Buttercup Tattoos: Symbolism, Meanings and More

Buttercup Tattoos: Symbolism, Meanings and More

When it comes to simple designs and bright colors, the buttercup flower is a top choice in the world of flower tattoos. Not only that, but this flower is known for its positive associations with confidence.

The buttercup tattoo has an aesthetic value for its simple design and bright coloration. It’s also a popular choice for symbolizing encouragement, confidence, and a sense of self worth.

This article explores the history and symbolism of the buttercup flower in tattoos, as well as the symbolism behind it, and the most popular designs.

What Is The History of Buttercup Tattoos?

There are no specific historical references to buttercups as a tattoo image. They aren’t one of the more traditional flowers used, possibly because of the childish associations this flower holds.

As a flower, they are native to both North America and Europe. Though the yellow buttercup gets the most attention, there are other varieties.

In spite of its lack of prominence as a tattoo, the flower itself is featured in several myths and legends throughout the world.


Historical Significance of Buttercup Flowers:

Buttercups have long enjoyed a place in children’s games, though at one time they were used by slaves attempting to hide their marks of ownership as they escaped.

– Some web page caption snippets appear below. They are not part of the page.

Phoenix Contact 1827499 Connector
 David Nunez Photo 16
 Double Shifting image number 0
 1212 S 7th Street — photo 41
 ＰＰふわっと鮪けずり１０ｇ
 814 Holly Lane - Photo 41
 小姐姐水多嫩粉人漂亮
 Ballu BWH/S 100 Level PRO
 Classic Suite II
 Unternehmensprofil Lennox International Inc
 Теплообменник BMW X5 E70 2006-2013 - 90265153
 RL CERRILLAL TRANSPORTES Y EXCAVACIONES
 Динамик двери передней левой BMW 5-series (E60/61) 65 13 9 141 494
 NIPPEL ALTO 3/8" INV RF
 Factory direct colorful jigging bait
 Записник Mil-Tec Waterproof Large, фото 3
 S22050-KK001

Most commonly, they are used in a childish game, in which the flowers are held up under the chin. The amount of reflected yellow ‘glow’ from the petals is meant to symbolize how much you like butter.

There are several legends surrounding the origin of the buttercup.

Greek Legend of Ranunculus:

According to this legend, Ranunculus was a singer from Libya, with an amazing voice, comparable to Orpheus. He gave a performance for the woodland gods, and was so focused on the music that he collapsed and died of exhaustion.

Orpheus found him, and transformed his body into small yellow flowers as a tribute. This is allegedly where the flowers get their Latin name.

In Persia, this legend has a slightly different interpretation, in which a wealthy prince died pining for the love of woodland nymph, and was transformed into a flower to remind her of her folly in rejecting him.


Cows and Milk:

This legend involves a farmer, whose prize cow gave sweeter, better milk than any other cow in the region. After watching her, he discovered that she often ate small yellow flowers, rather than grass, and determined that these flowers were the source of the milk’s quality.

A similar legend claims that buttercups are what makes butter yellow.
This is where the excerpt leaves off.